L'isolamento per il contagio da covid su un bambino pesa molto di più di quello per la didattica a distanza

- Opinioni di Giuseppina Mancino

Riceviamo e pubblichiamo. Leggo da più parti un acceso dibattito sulla riapertura della scuola; da un lato, alcuni presidenti di regioni invocano lo slittamento della ripresa dell'attività didattica, tenuto conto dell'alto numero di contagi, dall'altro, il Governo e il Ministro Bianchi inflessibili sul rientro previsto come da calendario. Nel primissimo periodo della pandemia ho voluto fortemente la chiusura della scuola, successivamente, ottenuti i dispositivi di protezione personale, avuto maggiori informazioni dalla comunità scientifica sul virus e la pandemia, iniziata la vaccinazione, ho trovato più che legittimo che anche le scuole venissero riaperte.

Responsabilmente, chiamata ad attivare il mio senso civico e a infonderlo anche nei miei figli, ho evitato tutte quelle attività che non era consentito fare, ho rispettato il lockdown e quando è arrivato il turno della mia vaccinazione l'ho fatta io e l'ho fatta fare ai miei figli senza indugio.

In periodo di pandemia tutte le attività gli esercizi pubblici e i servizi hanno dovuto modulare orari ed ingressi al pubblico, solo al sistema scolastico è bastato quel poco di gel disinfettante e un metro di distanza dalle rime buccali per poter tornare ad operare. Non importa se, poi, gli alunni, i nostri figli, rimanevano e rimangono, chiusi dentro un'aula otto ore al giorno, non importa se qual banco dove siedono per studiare si sposta, perché mica è inchiodato a terra, e quindi, si riduce quel metro dalle rime buccali; non importa se quello stesso banco diventa anche tavolo dove consumare non solo la merenda, ma anche il pasto.

A questo punto mi chiedo, ma in quale altro luogo di lavoro si consuma il pasto nel posto dove si lavora. Avete voi mai visto un magistrsto consumare il pasto nell'aula di udienza o l'impiegato sulla propria scrivania? Si spinge molto per la didattica in presenza, ma, in questo periodo di emergenza, occorreva sicuramente attuare un programma che consentisse la didattica in presenza, ma con opportuni accorgimenti: un orario più corto anziché le canoniche otto ore, evitando la mensa.

Ciò avrebbe consentito una minore permanenza nei locali scolastici per lungo termine e avrebbe garantito la didattica in presenza.
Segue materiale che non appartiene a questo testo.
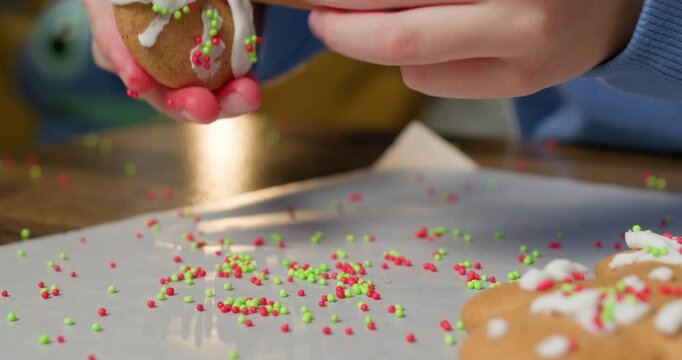 A close-up shot of a boy decorating gingerbread cookies on the kitchen table, preparing a sweet treat for Christmas.
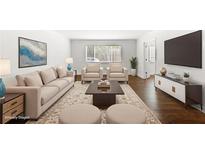 Bright living room features hardwood floors, plush seating, stylish decor, and a flat-screen TV at 115 Biscayne Nw Dr # F1, Atlanta, GA 30309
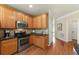 Well-equipped kitchen with stainless steel appliances and wooden cabinets at 1995 Settindown Dr, Roswell, GA 30075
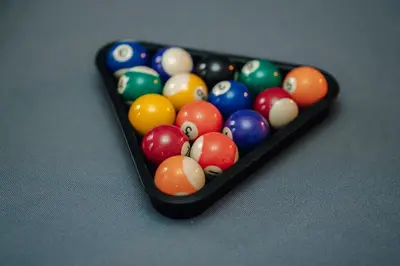 a tray of billiard balls sitting on a table at Twin Residence Retro-Cinematic Apartment in City Centre in Prague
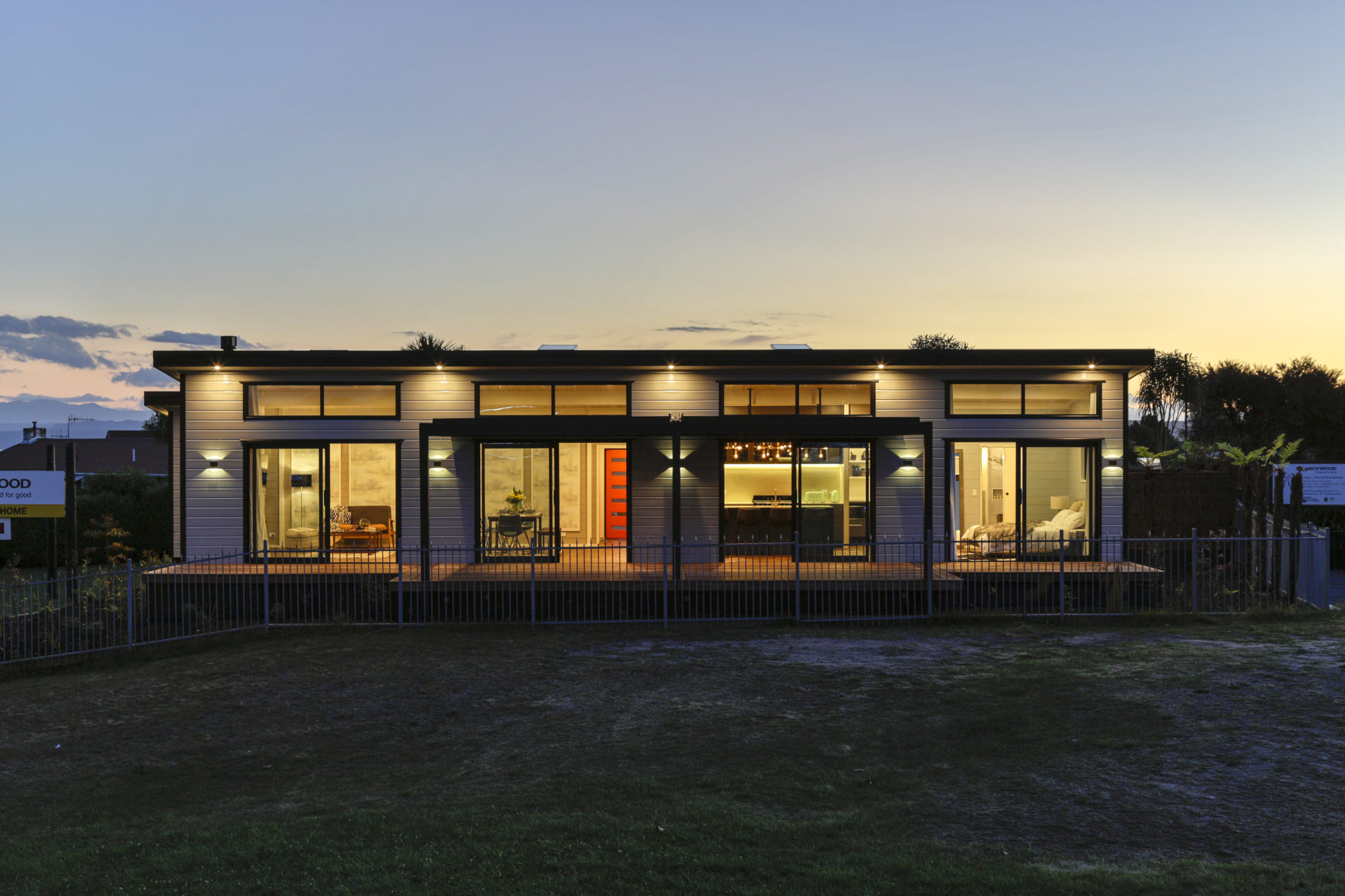 Lockwood Taupo with Textura Black joinery and white cladding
Personalmente ho sempre investito per me e per i miei figli nella scuola e nella cultura, mi sono sempre fidata delle istituzioni e verso quella scolastica ho nutrito sempre grande rispetto, per chi vi lavora e per il materiale umano che dentro vi cresce, fino a quando il covid non ha colpito i miei figli, dai quali sono stata costretta ad isolarmi in casa per evitare il contagio del resto della mia famiglia.

Vedere il terrore negli occhi di mio figlio, nove anni appena, è stato come morire dentro; vederlo piangere e reclamare una carezza o un abbraccio, bardarci di sacchi della spazzatura per poterci abbracciare è stata la più grande mia sconfitta come madre, perché ho preservato mio figlio dall'essere sgrammaticato, ma non sono stata in grado di evitargli il dolore di essere lontano da me.
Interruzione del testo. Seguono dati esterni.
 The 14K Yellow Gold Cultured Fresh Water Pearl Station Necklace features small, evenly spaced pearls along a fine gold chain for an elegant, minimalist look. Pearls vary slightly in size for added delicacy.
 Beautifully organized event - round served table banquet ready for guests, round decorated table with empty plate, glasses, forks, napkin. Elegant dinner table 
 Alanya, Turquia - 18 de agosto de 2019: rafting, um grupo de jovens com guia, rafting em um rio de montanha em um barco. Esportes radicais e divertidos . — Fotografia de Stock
Sento e leggo commenti circa la ripercussione psicologica della didattica a distanza ma, ribadendo che questa poteva essere evitata strutturando programmi con orari scolastici più corti, vi chiedo, su di un bambino pesa di più l'isolamento dalla madre e dal resto della famiglia o un mese di didattica a distanza?

E poi, vi chiedo ancora, era così gravoso elaborare un rientro in classe con orario ridotto per salvaguardare la didattica in presenza senza rinunciare alla salute degli alunni e allontanare da loro quanto piu possibile lo spettro dell'isolamento da covid-19? Attendo risposte.